The Big Three (as historian Douglas Brinkley calls them) are no surprise. Lincoln and FDR are my two personal favorites, which is kind of like saying that my favorite movies are Casablanca and The Godfather.

When the next rankings come out, and Trump lands it the thud he so majorly deserves, and if the Tweet-Meister is still tweeting, I’m sure he’ll be going nuts about historians as Fake News, Deep States, East Coast Elites who hate America. Either that, or he’ll find some historian with a degree from Trump U who will decree Trump the Greatest President Evah. After all, Trump did claim that Orrin Hatch blew some presidential ranking smoke up his butt:

“He actually once said I’m the greatest president in the history of our country.”

As it turns out, this wasn’t exactly what Hatch said. (Was this one of the 2,000 lies Trump told during his first year in office? It hurts my head too much to go through the full list.)

Ah, Presidents…

I’m a sucker for those zoo.com quizzes, even when they’re dead wrong. (No, I don’t live in Hawaii.) The one I took most recently asked all sorts of dopey multiple choice questions and then spits out which US president you are. I got a good answer: Franklin Delano Roosevelt. But I suspect that there are only a handful of presidents that come out as answers, and that no one is told that they’re Millard Fillmore or Zachary Taylor. Maybe there’s a clinker or two in there – Richard Nixon – but I’m guessing most people are told they’re Ronald Reagan, JFK, Abe Lincoln, Ike, et a few als. Still, I’m just as happy that I didn’t end up as Reagan.
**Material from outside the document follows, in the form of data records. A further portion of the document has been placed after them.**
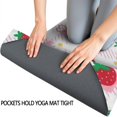 thumbnail image 3 of Strawberry Plants Fruit Heart Daisy Checkered Hot Yoga Mat Towel Non Slip for Hot Yoga - Quick-Drying Yoga Mat Cover with 4 Corner Pockets with Travel Bag - Hot Yoga Towel Non Slip 74"x26", 3 of 6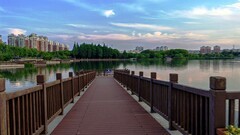夕照汀棠（汀棠公园  续1）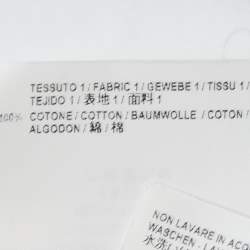 Pre Owned Balenciaga White Cotton Button Front Oversized Shirt M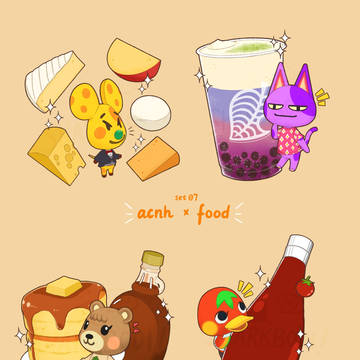 あつ森 x FOOD (8)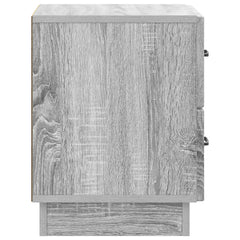 vidaXL Bedside Cabinet Grey Sonoma 43 x 34.5 x 44.5 cm Engineered Wood 6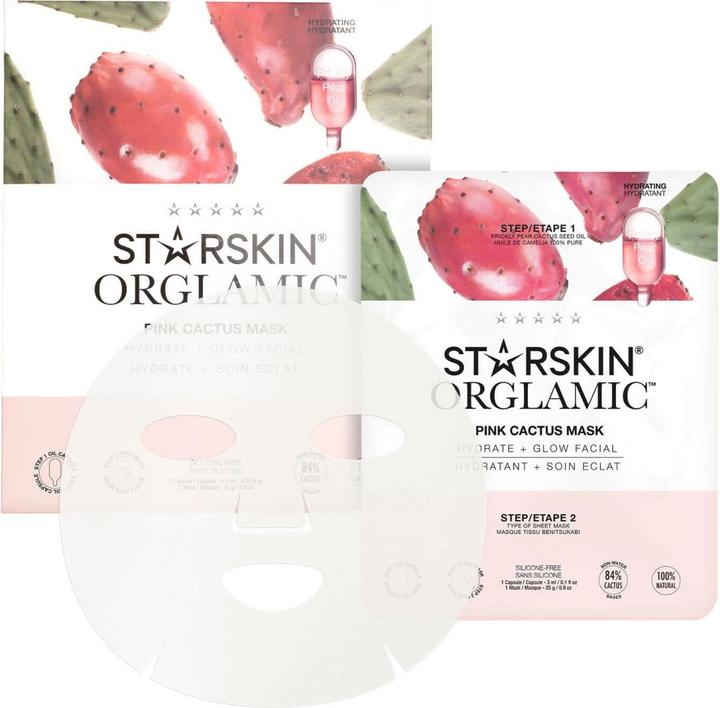 Immagine prodotto Starskin - ORGLAMIC Maschera viso idratante e luminosa al cactus rosa (1 ml)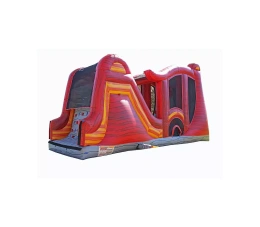 Jumporange Shadow - надувной батут с полосой препятствий для детей и взрослых с нагнетателем, коммерческий класс, всплывающие батуты, для использования на открытом воздухе и в помещении, качество аренды - (часть 7)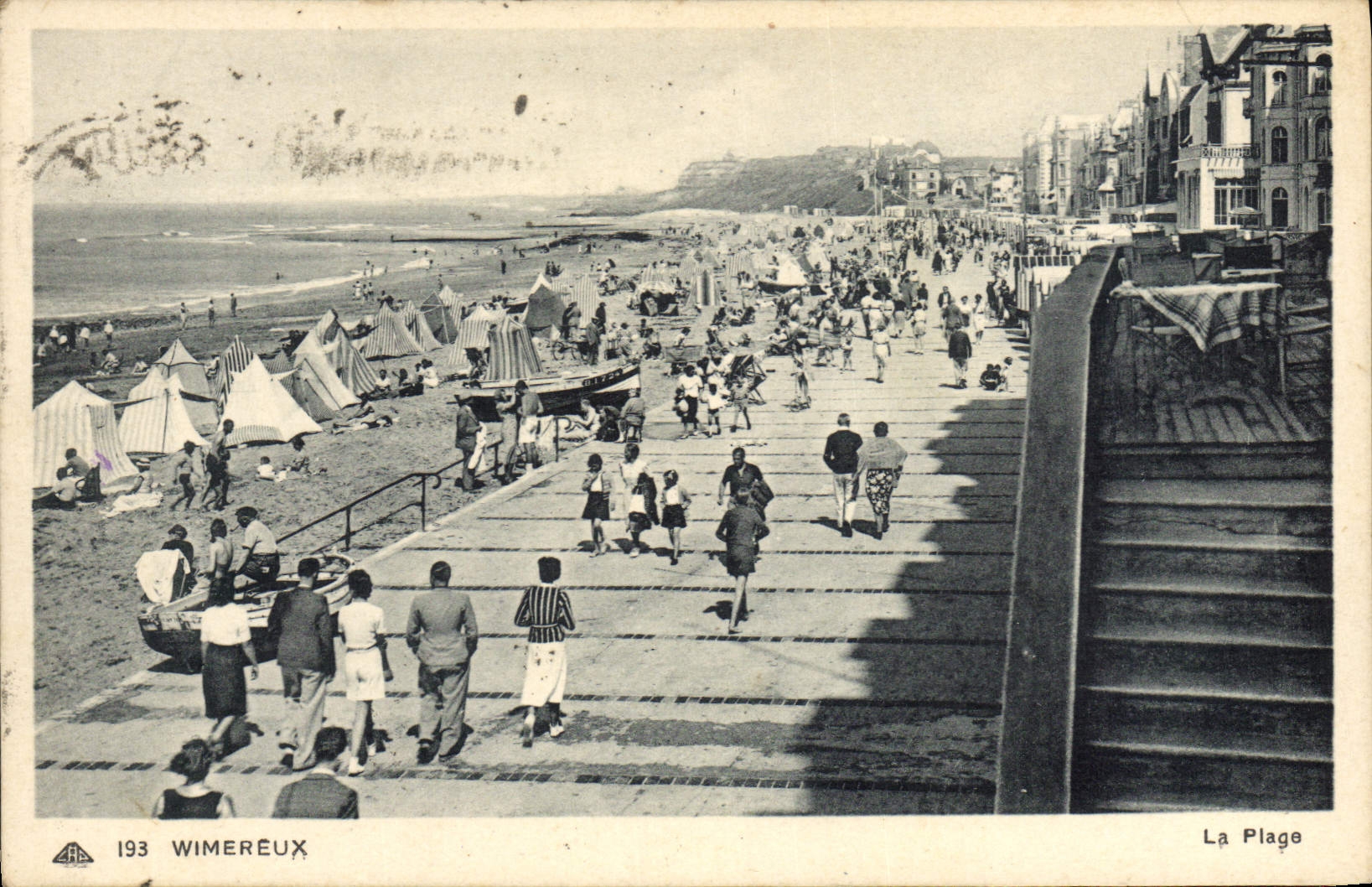 CPA Wimereux La Plage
I do wonder what zoo.com does with all the data they amass from these quizzes. They know I like to read. That my favorite season is fall (at least I think that’s the answer I always give; maybe it’s swing – I go back and forth). But when I’m asked a question on my favorite dance and my real answer is none of the above (waltz? cha-cha?). Or who my favorite superhero is. (I put in Superman because a) I watched it as a kid; b) in the movie, Christopher Reeves was pretty cute.) I really don’t have a superhero.